Initial FISH mapping of the 6q22–24 translocation breakpoint revealed that it is located proximal to the PLAGL1 locus in 6q24–25 (9). Further analysis using a panel of bacterial artificial chromosome (BAC) clones derived from 6q22–24 (available on request) revealed that the breakpoint is located within a 1.1-Mb region containing MYB, AHI1, PDE7B, FAM54A, and BCLAF. Based on the known functions of these genes and their previous involvement in cancer, we reasoned that the MYB oncogene might be a likely target of the t(6;9). MYB encodes a transcription factor with an N-terminal DNA binding domain, a centrally located transcription activation domain, and a C-terminal negative regulatory domain (10, 11). MYB plays an important role in the control of cell proliferation, apoptosis, and differentiation, is highly expressed in immature, proliferating cells, and is down-regulated as cells become more differentiated (10, 11). Recent studies also have demonstrated that Myb is expressed in the mouse submandibular gland at embryonic day E14.5 (12), suggesting a role for Myb in salivary gland development. To test the possibility that MYB is the target gene in 6q22–24, we performed FISH experiments using the NFIB-containing YAC-912E9 in combination with 2 sets of BAC clones (RP11–104D9 and RP11–349J5 or RP11–63K22 and RP11–258C9) containing the 5′ parts of MYB and its flanking sequences. FISH analysis of a t(6;9)-positive ACC revealed a fusion signal on the derivative chromosome 6 consisting of the 5′ part of MYB linked to NFIB sequences (Fig. 1B). RT-PCR analysis of tumor RNA prepared from this case confirmed the expression of MYB-NFIB hybrid transcripts (Fig. 1 C and D).

To determine whether the MYB-NFIB fusion is a recurrent event in ACC, we screened tumor RNAs from 10 additional primary and metastatic ACCs, including 6 head and neck-derived and 4 breast-derived tumors (Table 1). RT-PCR analysis revealed MYB-NFIB fusion transcripts in all ACCs but not in 25 different non-ACC tumor samples (Fig. 1D). Reciprocal NFIB-MYB fusion products were detected in only 3 of 8 ACCs, indicating that nonreciprocal, complex 6;9-rearrangements also exist.

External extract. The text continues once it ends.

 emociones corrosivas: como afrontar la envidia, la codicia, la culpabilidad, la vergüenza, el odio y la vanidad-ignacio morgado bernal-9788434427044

Because of alternative splicing and variable breakpoints in MYB and NFIB, we identified and characterized at least 11 MYB-NFIB transcript variants (supporting information (SI) Table S1). Chimeric transcripts consisting of MYB exon 14 linked to NFIB exons 8c or 9 predominated (Fig. 1 C and E), indicating that most breakpoints had occurred in MYB intron 14 and in NFIB intron 8 (Fig. 1C). The majority of transcripts were the result of expression of the alternatively spliced NFIB exons 8a, 8a alt, 8b, and/or 8c. Of the 11 ACCs, 6 also expressed chimeric transcripts both with and without the alternatively spliced MYB exon 9a (13).

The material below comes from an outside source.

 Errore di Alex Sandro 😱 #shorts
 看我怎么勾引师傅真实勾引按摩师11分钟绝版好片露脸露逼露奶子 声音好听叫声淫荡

To study the consequences of the MYB-NFIB fusion on the expression of MYB, we performed quantitative real-time PCR (Q-PCR) on ACCs using a TaqMan probe covering exons 1–2. MYB indeed was highly overexpressed in ACC relative to normal salivary gland and breast tissues and to 3 other types of salivary gland carcinomas (P = 0.0001) (Fig. 2A). In contrast, a TaqMan probe covering MYB exons 14–15 revealed expression levels that were significantly reduced compared with MYB exons 1–2 (P = 0.001) (Table S2), consistent with disruption of the 3′ part of MYB as a consequence of gene fusion. These experiments clearly demonstrate that the increased expression of MYB is not caused by expression of the non-rearranged MYB allele. High-level overexpression of MYB at the protein level also was confirmed by immunostaining (Fig. 2B) of 5 primary ACCs.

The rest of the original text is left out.